WHAT IS EXPECTED>
Restate word for word the lines below that run from the one holding "Briefs: Advancing Power" through the one holding "La dieta di", inclusive. Pictures don't belong in the copy.

+++ RECORDS TO PROCESS +++

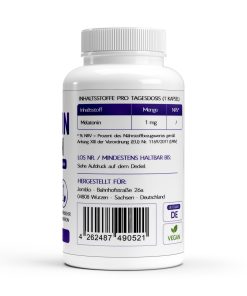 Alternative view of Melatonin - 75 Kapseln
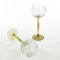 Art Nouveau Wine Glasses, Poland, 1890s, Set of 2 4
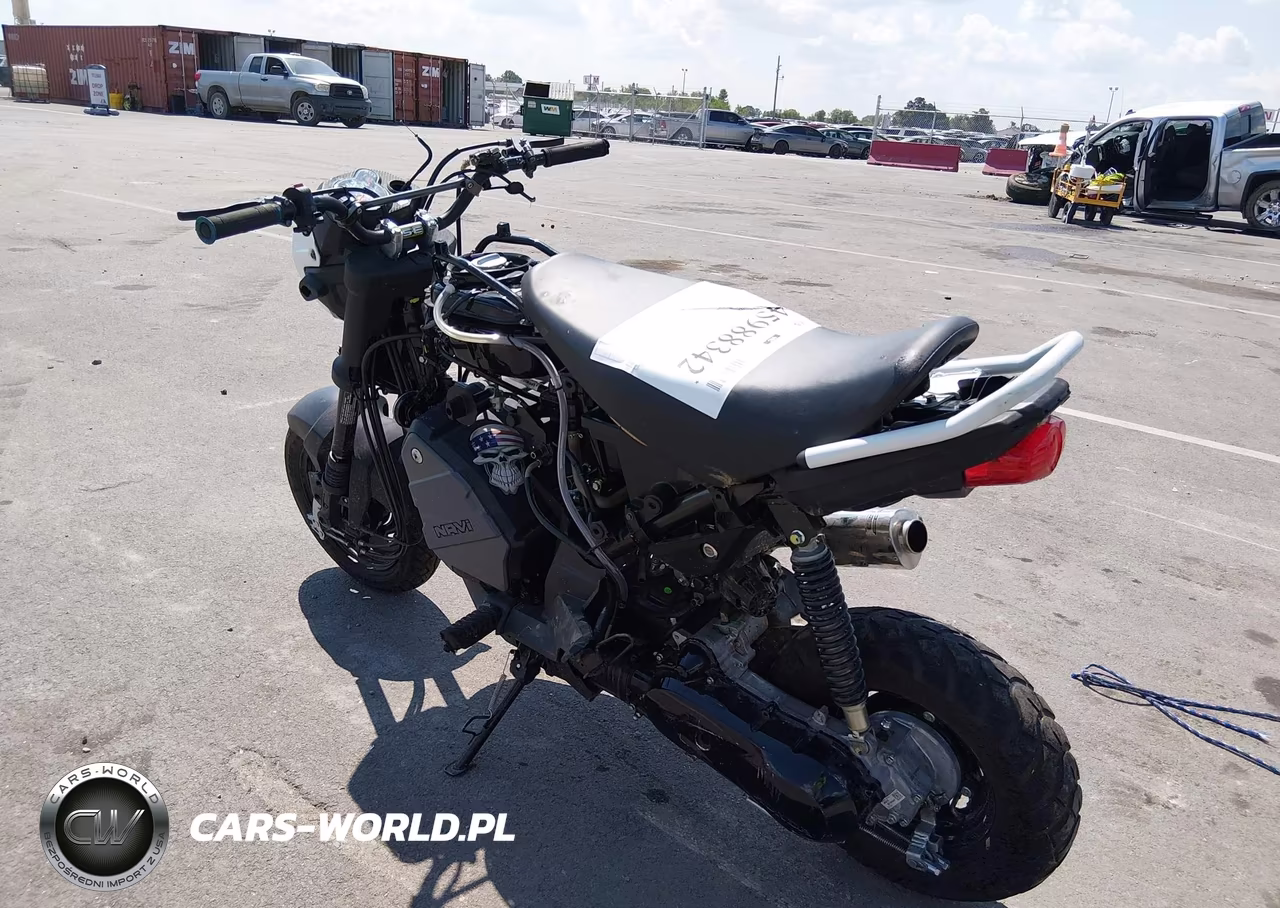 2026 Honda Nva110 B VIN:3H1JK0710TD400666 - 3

+++
+++ RECORDS TO PROCESS +++

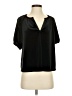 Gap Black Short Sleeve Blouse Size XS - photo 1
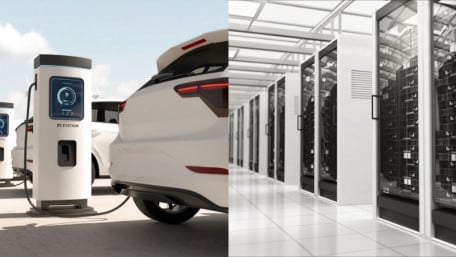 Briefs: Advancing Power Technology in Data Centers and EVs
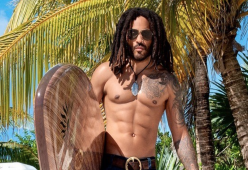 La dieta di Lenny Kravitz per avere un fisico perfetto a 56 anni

+++

EXERCISE OUTPUT>
 Briefs: Advancing Power Technology in Data Centers and EVs
 La dieta di Lenny Kravitz per avere un fisico perfetto a 56 anni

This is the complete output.